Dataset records
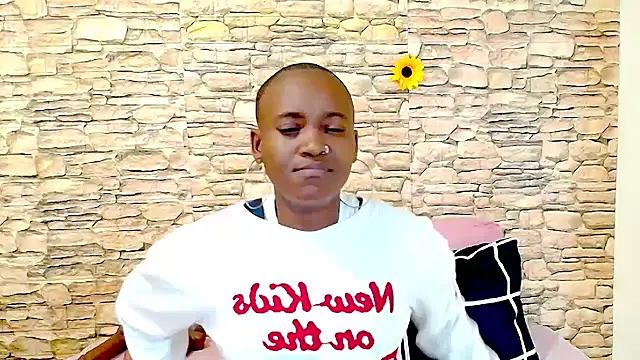 EbonyOlive69 webcam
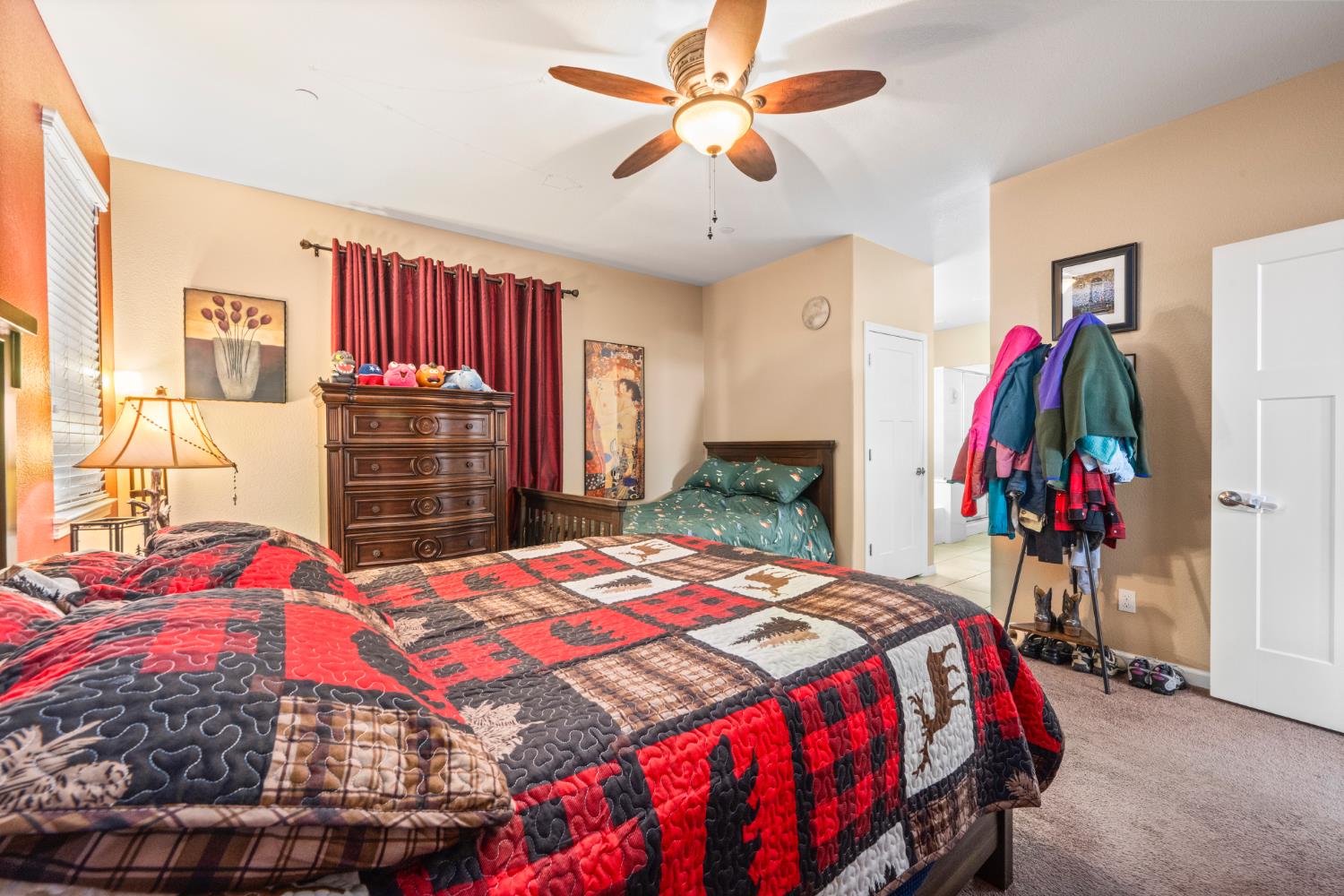 Detail Gallery Image 29 of 44 For 4811 Copper Sunset Way, Rancho Cordova,  CA 95742 - 5 Beds | 3 Baths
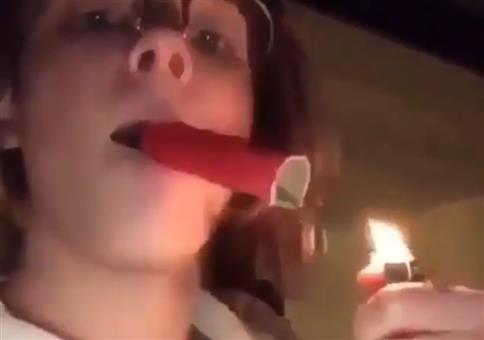 Knaller im Mund anzünden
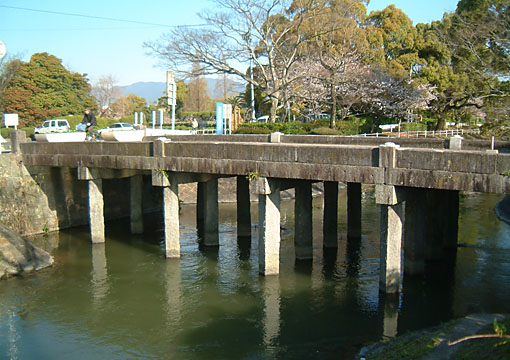 栴檀（せんだん）橋は神野公園そばの多布施川に架かる石桁橋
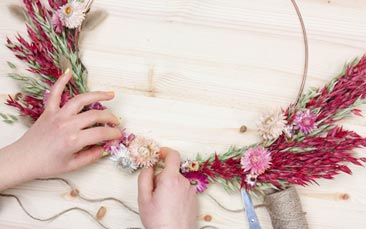 mobile dried wreath workshop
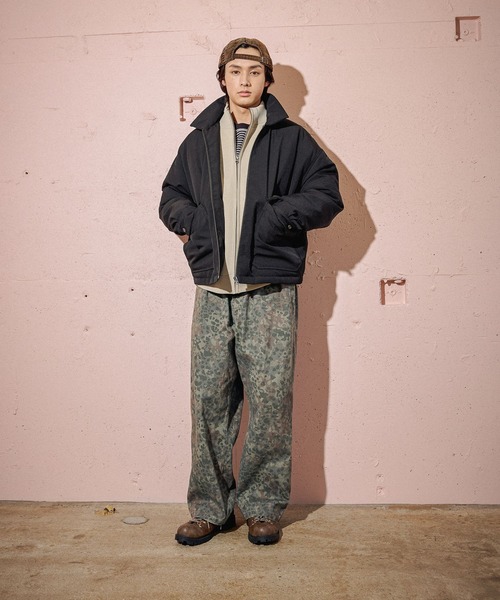 niko and...(ニコアンド)の「中綿ZIPブルゾン(ブルゾン・メンズ・ブラウン/ブラック/グレー・LARGE/MEDIUM)」の9枚目の写真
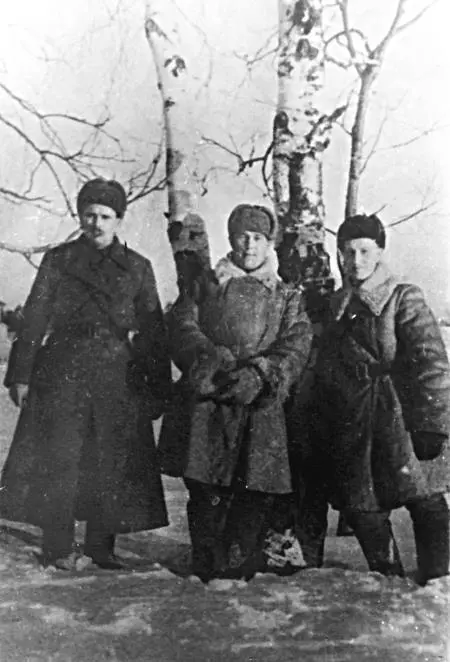 Станция Хвойная март 1943 г Слева направо Н С Чернецкий А И Сотников - фото 9
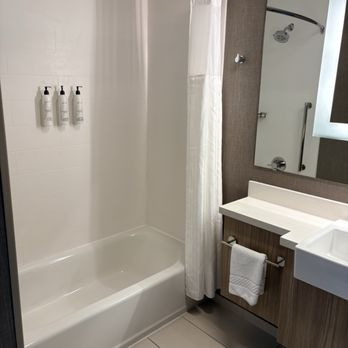 SpringHill Suites by Marriott Topeka Southwest - Spacious Tub/Shower Area - Hotels Near Me - Topeka, Kansas SpringHill Suites by Marriott Topeka Southwest - Spacious Tub/Shower Area - Hotels Near Me - Topeka, Kansas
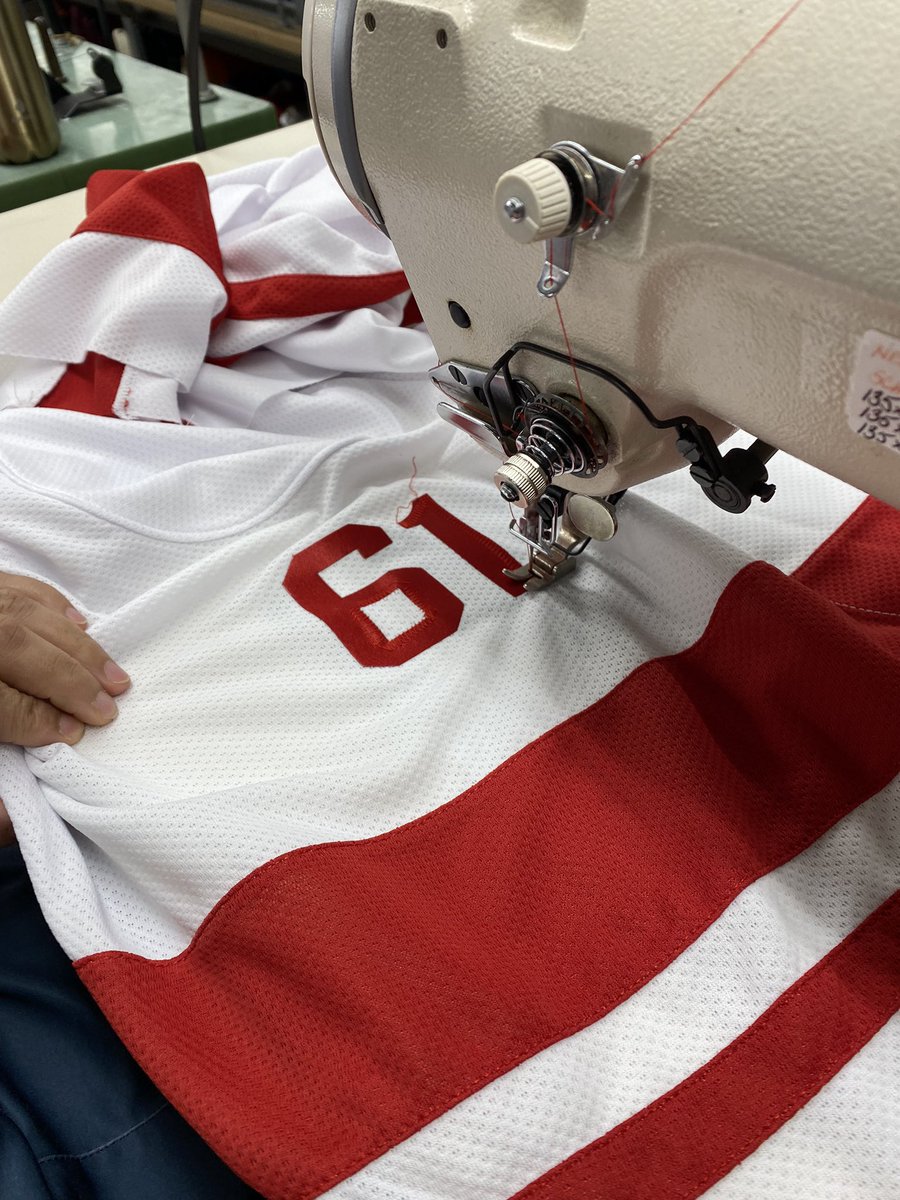 NikoApparel's tweet photo. A huge thank you to the @HuskiesHamilton for supporting local business. These made in Hamilton jerseys are completed and getting delivered one week from the team fittings. #madeinhamilton #minorhockey #custommade https://t.co/5ktytpR1yq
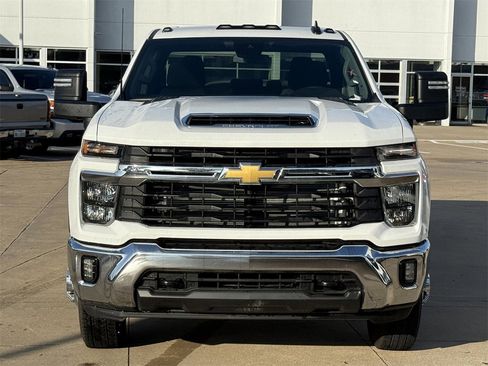 Certified 2025 Chevrolet Silverado 3500 LT image 8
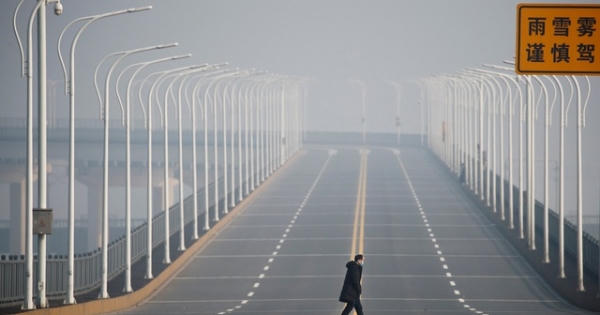 Người Vũ Hán bị "săn lùng" vì dịch viêm phổi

AIM OF THE TASK:
Exclude the images, then output the data above word for word.

SOLUTION TO THIS TASK:
 EbonyOlive69 webcam
 Detail Gallery Image 29 of 44 For 4811 Copper Sunset Way, Rancho Cordova,  CA 95742 - 5 Beds | 3 Baths
 Knaller im Mund anzünden
 栴檀（せんだん）橋は神野公園そばの多布施川に架かる石桁橋
 mobile dried wreath workshop
 niko and...(ニコアンド)の「中綿ZIPブルゾン(ブルゾン・メンズ・ブラウン/ブラック/グレー・LARGE/MEDIUM)」の9枚目の写真
 Станция Хвойная март 1943 г Слева направо Н С Чернецкий А И Сотников - фото 9
 SpringHill Suites by Marriott Topeka Southwest - Spacious Tub/Shower Area - Hotels Near Me - Topeka, Kansas SpringHill Suites by Marriott Topeka Southwest - Spacious Tub/Shower Area - Hotels Near Me - Topeka, Kansas
 NikoApparel's tweet photo. A huge thank you to the @HuskiesHamilton for supporting local business. These made in Hamilton jerseys are completed and getting delivered one week from the team fittings. #madeinhamilton #minorhockey #custommade https://t.co/5ktytpR1yq
 Certified 2025 Chevrolet Silverado 3500 LT image 8
 Người Vũ Hán bị "săn lùng" vì dịch viêm phổi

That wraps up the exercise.